## WHAT TO DO:
All lines from the one containing "قاب گوشی سامسونگ" through the final line of the records below should be reproduced exactly, with the pictures left out.

=== Begin Enclosure ===

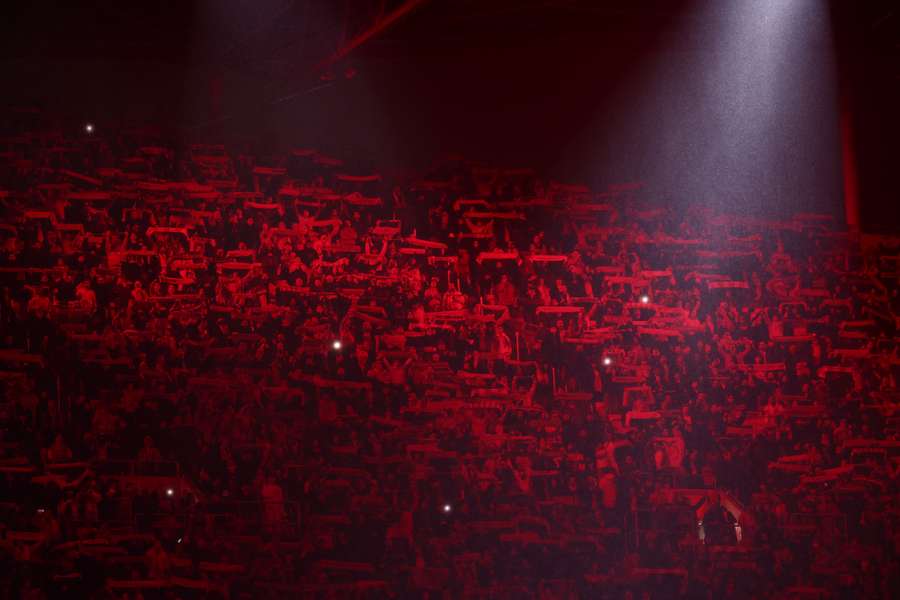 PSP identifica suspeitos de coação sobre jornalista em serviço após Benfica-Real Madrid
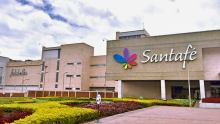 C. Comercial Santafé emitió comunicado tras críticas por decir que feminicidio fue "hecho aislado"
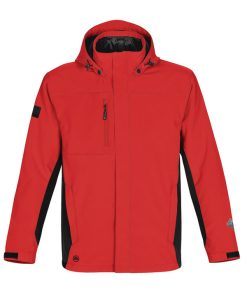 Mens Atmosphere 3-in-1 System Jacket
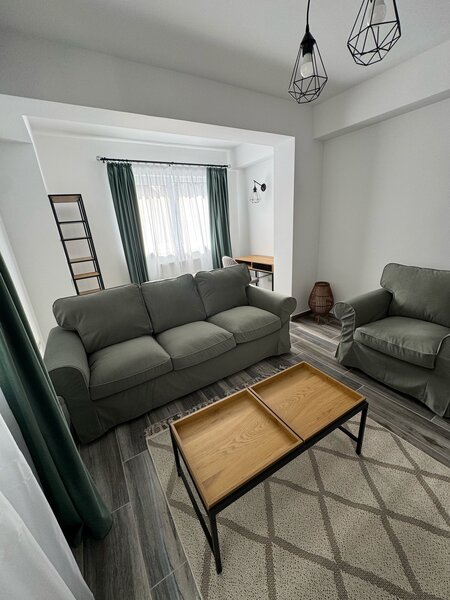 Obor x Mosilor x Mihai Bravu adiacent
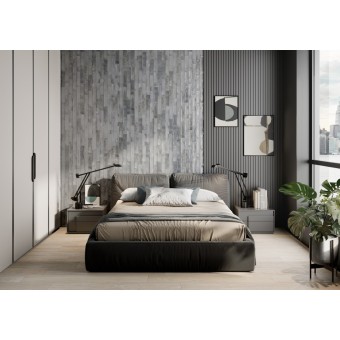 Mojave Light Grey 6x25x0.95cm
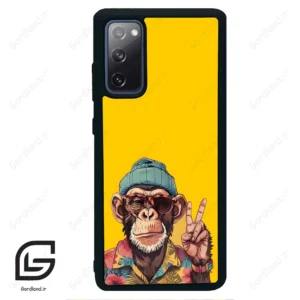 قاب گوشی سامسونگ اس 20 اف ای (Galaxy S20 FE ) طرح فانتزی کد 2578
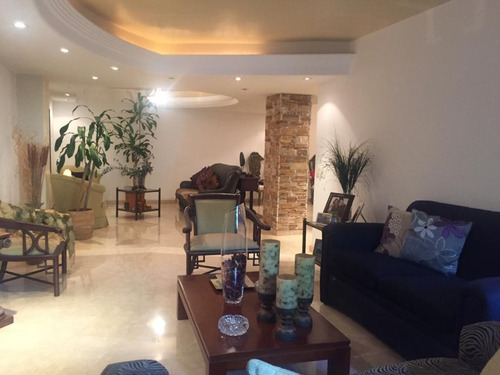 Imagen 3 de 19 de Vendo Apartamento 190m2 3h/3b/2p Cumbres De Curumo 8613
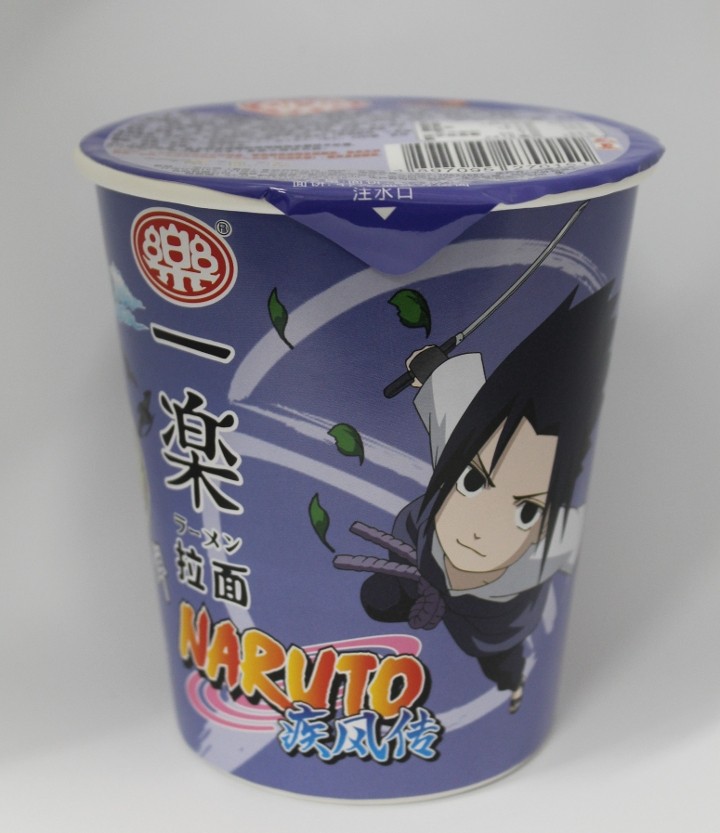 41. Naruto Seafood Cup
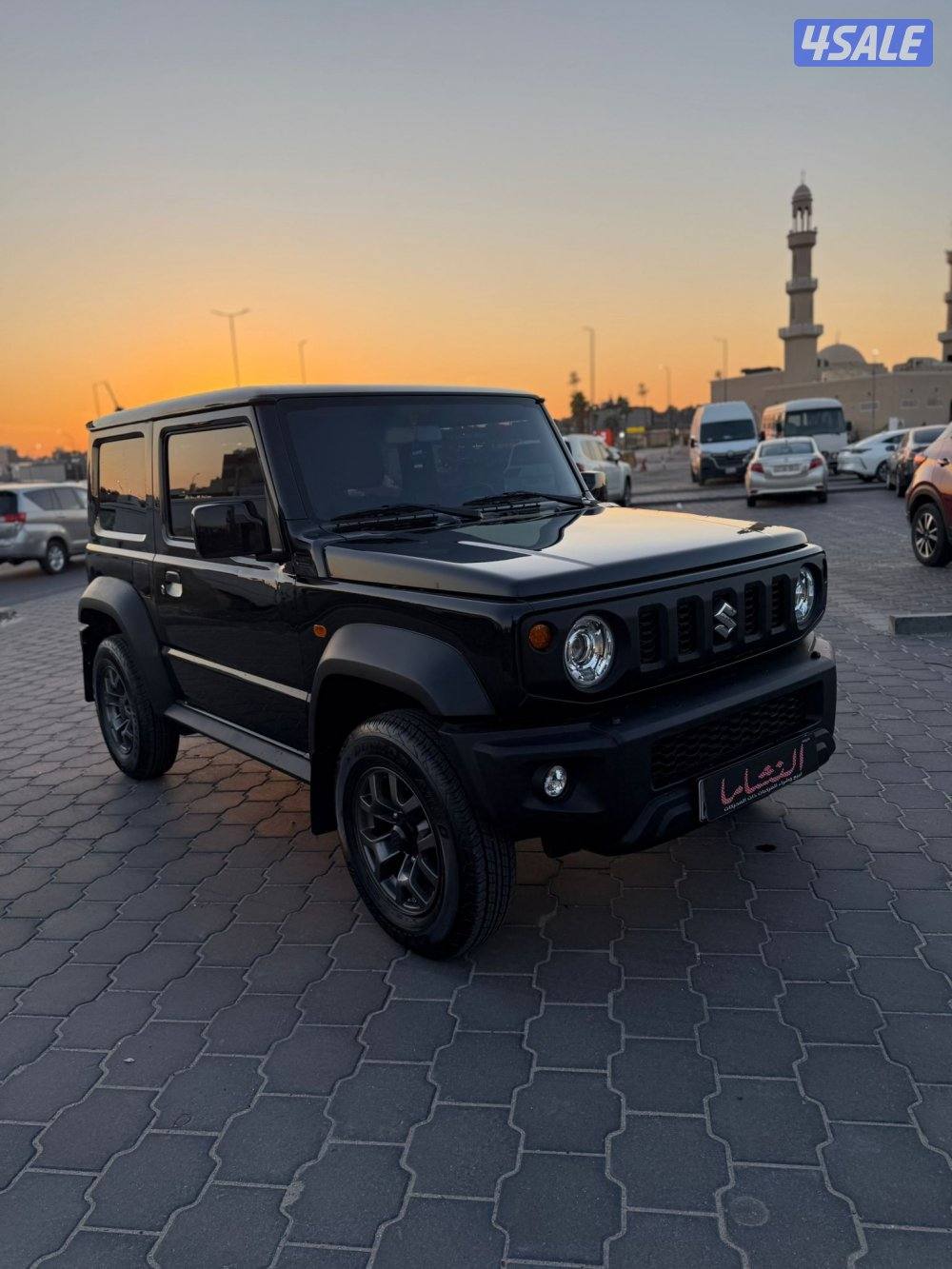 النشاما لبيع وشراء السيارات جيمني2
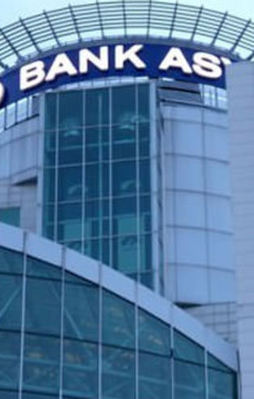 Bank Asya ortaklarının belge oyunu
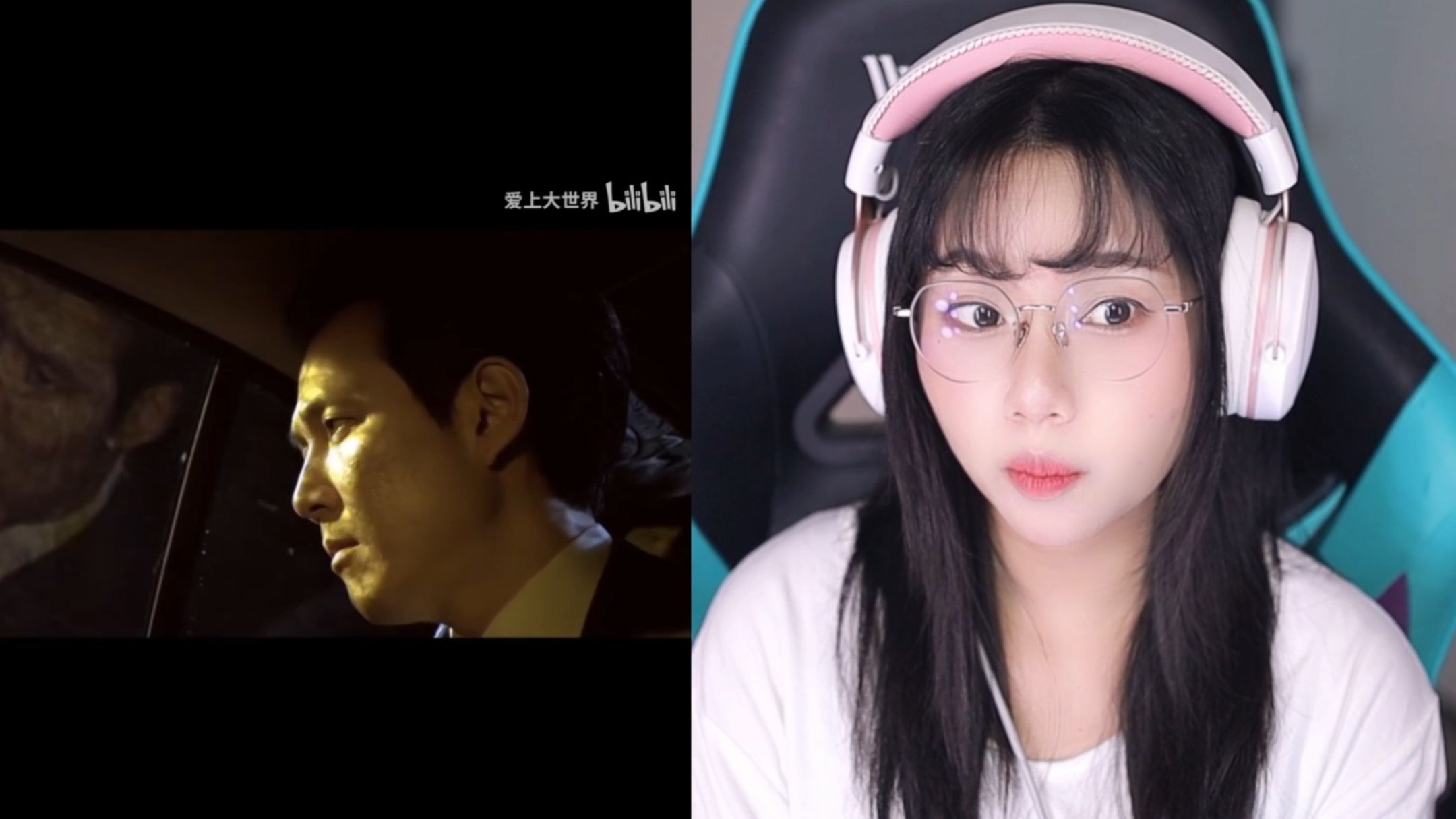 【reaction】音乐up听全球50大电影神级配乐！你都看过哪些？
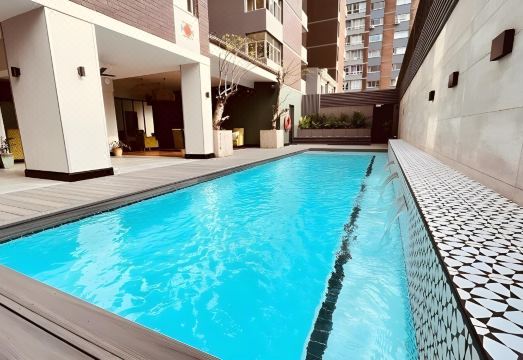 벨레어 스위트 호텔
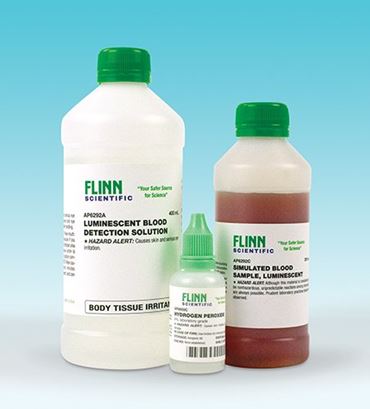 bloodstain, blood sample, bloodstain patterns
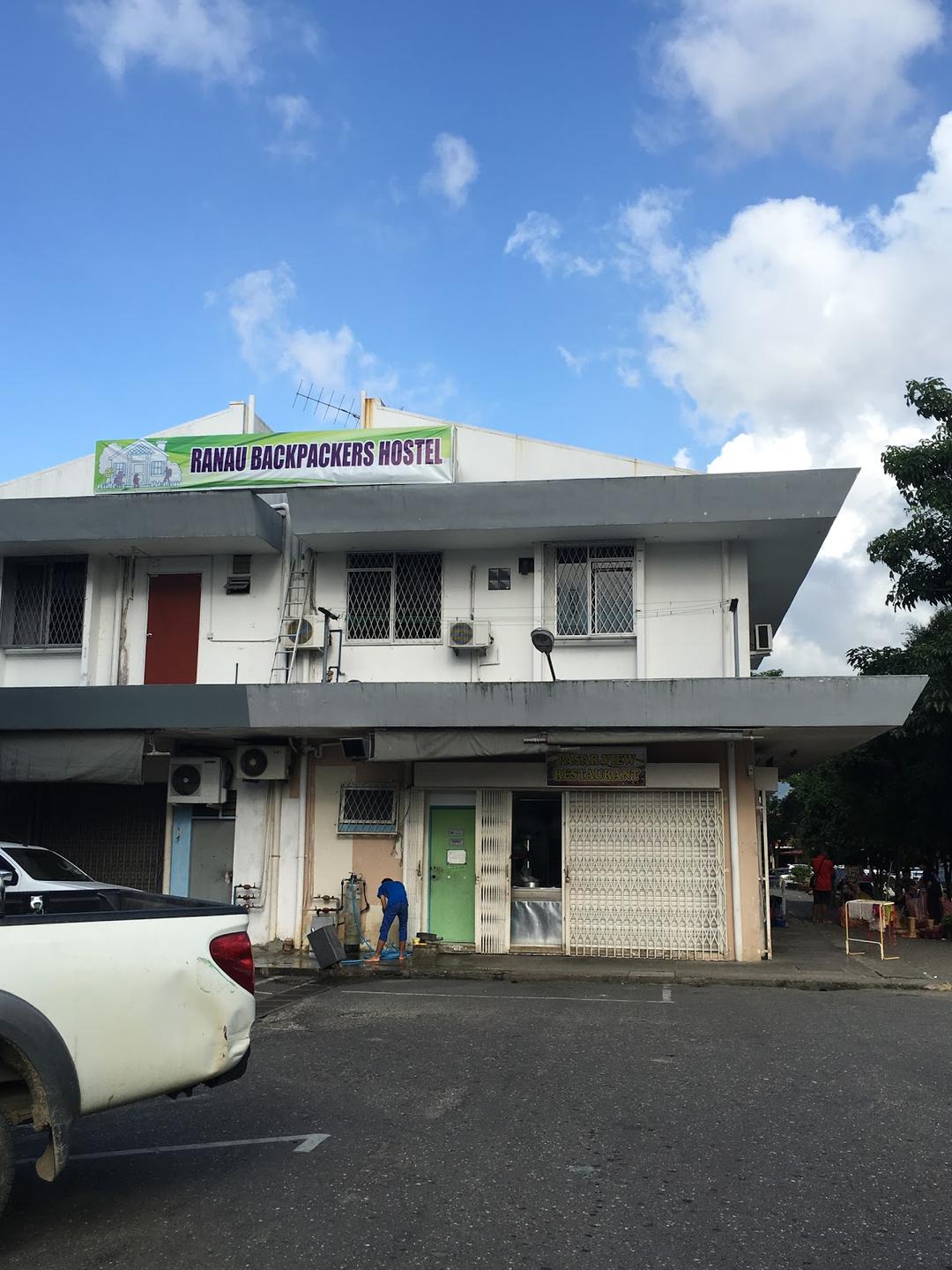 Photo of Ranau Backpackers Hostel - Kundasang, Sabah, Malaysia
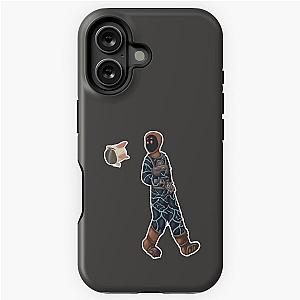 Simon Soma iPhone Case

=== End Enclosure ===

## PROBLEM SOLUTION:
 قاب گوشی سامسونگ اس 20 اف ای (Galaxy S20 FE ) طرح فانتزی کد 2578
 Imagen 3 de 19 de Vendo Apartamento 190m2 3h/3b/2p Cumbres De Curumo 8613
 41. Naruto Seafood Cup
 النشاما لبيع وشراء السيارات جيمني2
 Bank Asya ortaklarının belge oyunu
 【reaction】音乐up听全球50大电影神级配乐！你都看过哪些？
 벨레어 스위트 호텔
 bloodstain, blood sample, bloodstain patterns
 Photo of Ranau Backpackers Hostel - Kundasang, Sabah, Malaysia
 Simon Soma iPhone Case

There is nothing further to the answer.